- [Assigned task]: Present each line of the entries below that holds the word "Wallet".

(Saved data entries)
++++++++++++++++++++

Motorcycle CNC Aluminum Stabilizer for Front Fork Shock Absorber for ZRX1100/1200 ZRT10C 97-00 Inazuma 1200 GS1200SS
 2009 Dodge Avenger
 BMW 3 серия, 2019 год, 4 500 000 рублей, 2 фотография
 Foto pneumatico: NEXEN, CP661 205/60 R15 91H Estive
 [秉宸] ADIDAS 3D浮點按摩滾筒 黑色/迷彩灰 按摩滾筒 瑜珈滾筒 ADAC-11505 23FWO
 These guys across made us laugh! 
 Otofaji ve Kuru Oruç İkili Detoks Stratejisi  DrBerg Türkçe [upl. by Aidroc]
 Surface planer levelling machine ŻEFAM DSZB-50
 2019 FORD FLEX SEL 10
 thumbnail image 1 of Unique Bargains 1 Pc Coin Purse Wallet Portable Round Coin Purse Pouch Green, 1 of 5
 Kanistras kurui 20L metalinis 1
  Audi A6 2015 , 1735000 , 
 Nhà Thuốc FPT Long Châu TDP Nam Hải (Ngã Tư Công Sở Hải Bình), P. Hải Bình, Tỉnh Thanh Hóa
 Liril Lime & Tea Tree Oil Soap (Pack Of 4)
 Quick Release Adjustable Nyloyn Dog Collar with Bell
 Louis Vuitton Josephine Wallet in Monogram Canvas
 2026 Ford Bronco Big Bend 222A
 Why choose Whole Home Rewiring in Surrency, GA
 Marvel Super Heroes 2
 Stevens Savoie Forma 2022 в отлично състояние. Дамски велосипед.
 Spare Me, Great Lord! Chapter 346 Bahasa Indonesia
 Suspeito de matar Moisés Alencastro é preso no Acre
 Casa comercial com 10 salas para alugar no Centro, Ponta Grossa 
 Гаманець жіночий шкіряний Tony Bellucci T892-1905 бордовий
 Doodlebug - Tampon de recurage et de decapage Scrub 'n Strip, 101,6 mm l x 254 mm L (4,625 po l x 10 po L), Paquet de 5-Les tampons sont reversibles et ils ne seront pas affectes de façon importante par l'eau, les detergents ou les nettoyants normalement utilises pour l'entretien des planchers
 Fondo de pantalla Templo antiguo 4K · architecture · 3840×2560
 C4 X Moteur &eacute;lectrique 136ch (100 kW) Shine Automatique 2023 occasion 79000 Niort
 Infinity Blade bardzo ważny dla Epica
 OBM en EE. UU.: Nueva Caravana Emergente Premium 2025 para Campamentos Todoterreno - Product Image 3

++++++++++++++++++++

- [Solution]:
 thumbnail image 1 of Unique Bargains 1 Pc Coin Purse Wallet Portable Round Coin Purse Pouch Green, 1 of 5
 Louis Vuitton Josephine Wallet in Monogram Canvas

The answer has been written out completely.